En guère plus d'un an, en effet, se sont aggravés ou sont apparus de bien plus graves facteurs internes et externes de désunion et de déstabilisation du système : le blocage avéré de toute réforme, l'euroscepticisme croissant de l'opinion, la résurgence du nationalisme et du souverainisme, la montée des partis extrémistes, les effets de la crise migratoire et du terrorisme, le retrait britannique, l'impérialisme russe, le détachement américain ...

Mais le plus grave a peut-être été l'"absence de réaction collective - et de vision claire de l'avenir de l"ordre européen” - de la part de ses dirigeants (1).

La fin de l'"Ordre Européen" ou le saut dans l'inconnu

On l'aura compris : plus qu'un hommage mérité au talent de l'écrivain-historien-diplomate Henry Kissinger, on veut ici attirer l'attention sur les points suivants, que le regard extérieur du personnage permet de mieux appréhender à l'échelle de l'histoire:

  • l'UE est beaucoup plus qu'une union douanière ou une machine administrative : c'est en fait le socle d'un "Ordre Européen" continental - héritier des précédents et qui assure depuis plus de soixante ans un équilibre géo-politique pacifique et démocratique.

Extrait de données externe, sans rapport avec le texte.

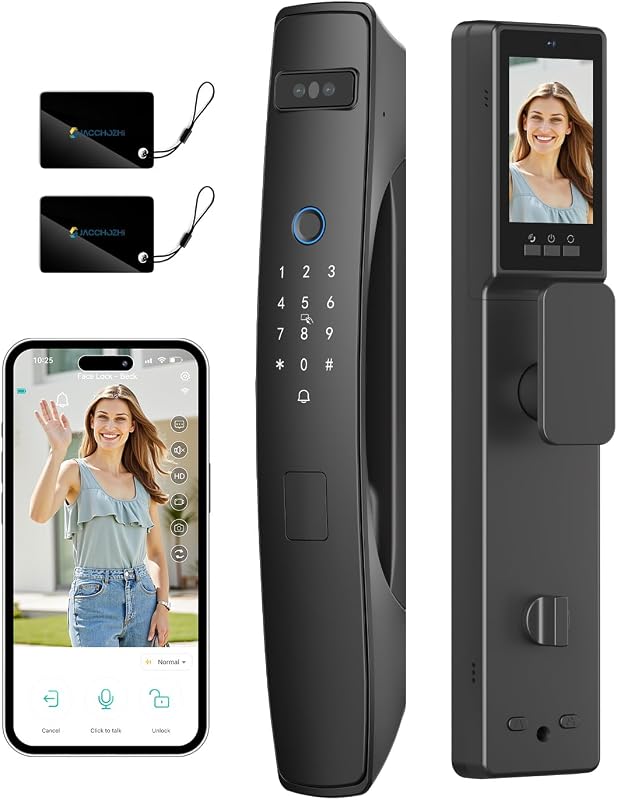 3D Face Recognition Smart Lock with Dual Cameras & Doorbell | Face ID + Palm Vein + Fingerprint, 2-Way Video, 4" IPS Screen, Night Vision, Tamper Alarm, WiFi Mortise Lock for Front Door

  • la rupture de cet équilibre provoquerait, dans un premier temps, de graves désordres diplomatiques, politiques, économiques et sociaux au sein de l'Europe - mais aussi, dans une certaine mesure, une déstabilisation du "World Order" lui-même,

  • le vide ainsi créé susciterait ensuite immanquablement des tentatives de création d'un autre "Système Européen" - issu d'un nouveau et imprévisible rapport de forces - que personne n'est en mesure d'imaginer, mais qui risquerait fort de n'être plus basé sur les mêmes valeurs humanistes que l'actuel : ce serait un véritable saut dans l'inconnu.

Certes, l'annonce de la fin de l'"ordre européen" est sans doute prématurée. Les stabilisateurs automatiques de l'"acquis" fonctionnement toujours. Le système peut être adapté et renforcé.

À condition que les dirigeants et l'opinion prennent rapidement la mesure de son affaiblissement et de sa vulnérabilité - ainsi que des conséquences de son éventuelle disparition.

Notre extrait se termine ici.